One of the elements which most compels people to remain in this system is the cultural and financial pressure to rely on "health" insurance or on "health maintenance" organizations. Stepping outside of convention is a hard choice. It requires courage, clear vision, and personal integrity. More and more individuals are making the conscious choice to take that step. They have come to the realization that if you are paying for "health insurance," you can't afford health care!
- Your willing participation in your healing journey is mandatory. In any system which truly engenders good health, the habits, choices, and conditions which do not contribute to one's good health will be revealed. One must be willing to make necessary changes in one's life in order to accommodate the attainment of the goal one presumably desires. Some of these changes may involve lifelong habits or pleasures on which one has become deeply dependent. One’s willingness to make wiser choices is a true measure of one’s desire for good health and for balance in life.
- Finally, you must know that all true healing begins in consciousness. Everything, including disease, also begins in consciousness. This subject is huge. For the sake of brevity, let’s accept the following truths. This is a cause and effect universe. Everything we experience in this life is a manifestation of karma — the effect of a cause put forth in this or previous lives. It is our own creation. Karma is not punitive. Its divine purpose is to teach us the things we need to learn, in order to attain higher consciousness.
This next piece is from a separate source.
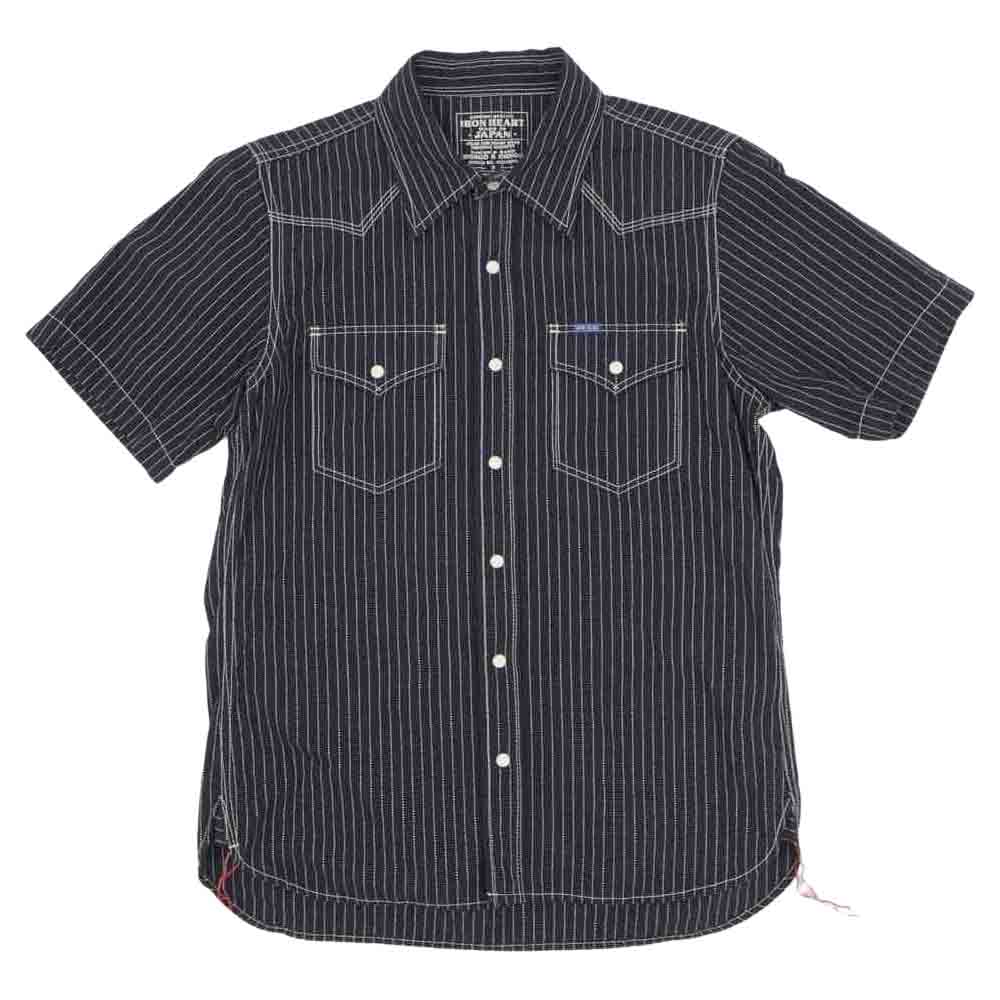 IRON HEART アイアンハート IHSH-146 7OZ PINSTRIPE CHAMBRAY S/S WESTERN SHIRT  ピンストライプ 半袖 ウエスタン シャツ S【中古】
Three primary implications are relevant to this truth:
The first applies to the preceding requirement. Our participation and understanding are required to learn the lesson — to resolve the karma. The karma will remain and repeat itself until that condition is met.
The second involves the client/doctor relationship, and is dependent on the first: if the physician simply “heals,” two things have happened — the physician has taken on the client’s karma, adding it to his/her own burdensome load, and the client has been denied the lesson the karma was meant to provide. (If that sounds appealing, perhaps it should be re-contemplated…. This divine system is perfect and cannot be circumvented.)
The third, and most important piece, is that resolving one’s karma and experiencing the consequent elevation of consciousness is the only way true healing occurs. It is not something one human being does to another or to oneself.
Armed with this information, one is well-equipped to begin the ongoing journey to high level wellness. At various points in this journey, other sections of this web site may be of service to you. Please return as often as you like. And remember that every step along the way is perfect.
Reading between the lines, the above information may suggest the need for not only a competent physician, but a health “tutor” as well. Perhaps you'll be fortunate enough to find one in a doctor. Who better than a Doctor of Oriental Medicine to provide ongoing guidance in making wise decisions in one's daily choices?